Reading Time : 10+ min

Companies preparing their 2013 proxy statements and other periodic reports should keep in mind some recent changes and other developments that may affect their disclosures in these documents. For 2013, there are only three new disclosure requirements with which companies must comply:

  • All companies must disclose in their proxy statements any compensation consultant conflicts of interest.
  • Smaller reporting companies must include in their proxy statements a say-on-pay vote and a say-on-frequency vote and report on Form 8-K how frequently the company will have a say-on-pay vote in light of the results of the say-on-frequency vote.
  • All companies required to file annual or quarterly reports with the Securities and Exchange Commission (SEC) pursuant to Section 13(a) of the Securities Exchange Act of 1934, as amended (the “Exchange Act”), must report certain Iran-related activities undertaken by them or any of their affiliates during the period covered by the report.

While there are only a few new mandatory disclosure requirements, there are several other developments that companies should consider when crafting their disclosures for 2013. With respect to the proxy statement, these include: 

  • changes in the voting recommendation policies of the major proxy advisory firms
  • recent SEC guidance on shareholder proposals
  • a new trend in lawsuits challenging proxy statement disclosures
  • a recent Delaware case challenging equity awards made to directors.

We address each of these changes and considerations in greater detail below.

Proxy Statement Changes and Considerations

1. Disclosure of Compensation Consultant Conflicts of Interest

Companies must determine whether any compensation consultant used in determining or recommending the amount or form of executive and director compensation during the company’s last completed fiscal year involved any conflict of interest. If so, the company must disclose in its proxy statement the nature of the conflict and how the conflict is being addressed.1 While the SEC did not define “conflict of interest,” companies are required to consider the following factors in determining whether a conflict of interest exists: 

  • whether the person who employs the compensation advisor is providing any other services to the issuer
  • how much the person who employs the compensation advisor has received in fees from the issuer as a percentage of that person’s total revenue
  • which policies and procedures that are designed to prevent conflicts of interest have been adopted by the person employing the compensation advisor
  • whether the compensation advisor has any business or personal relationship with a member of the compensation committee
  • whether the compensation advisor owns any stock of the issuer
  • whether the compensation advisor or the person employing the advisor has any business or personal relationship with an executive officer of the issuer.

If the company determines that a conflict of interest exists, the company will need to include a concise and clear description of both the conflict and the manner in which it was addressed, not merely a description of the company’s general policies and procedures on resolving conflicts. The disclosure requirement applies to any compensation consultant, whether retained by management, the compensation committee or any other board committee. However, the current exception under Regulation S-K Item 407 for compensation consultants who only consult with the compensation committee on broad-based plans or provide noncustomized benchmark data also applies to the new conflicts-of-interest disclosure.

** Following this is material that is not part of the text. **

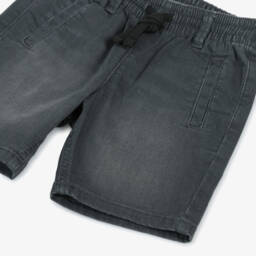 Mayoral-Boys Charcoal Stretch Denim Shorts | Childrensalon Outlet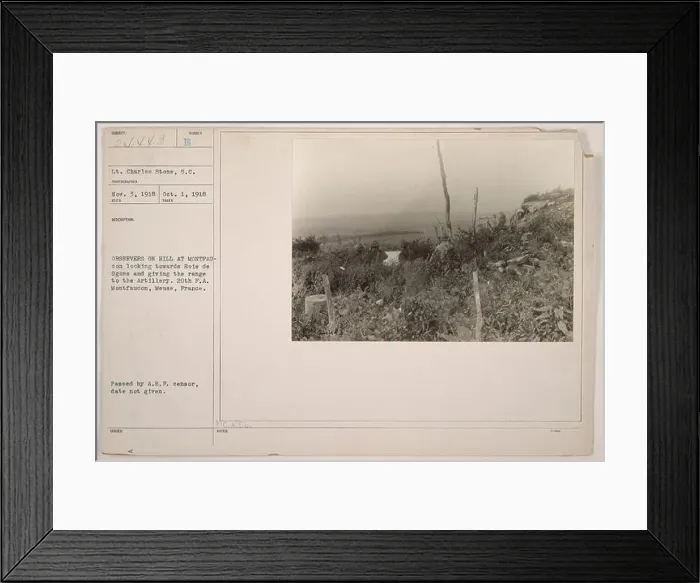 Framed Print : Observers on a hill in Montfaucon Framed Print : Observers on a hill in Montfaucon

To determine whether any conflicts of interest exist, the company will need to gather information from its compensation consultants, as well as from directors and executive officers. Accordingly, a questionnaire should be sent to any compensation consultants, and the company’s D&O questionnaire should be updated to gather information on any personal or business relationships between an officer or director and any compensation consultant.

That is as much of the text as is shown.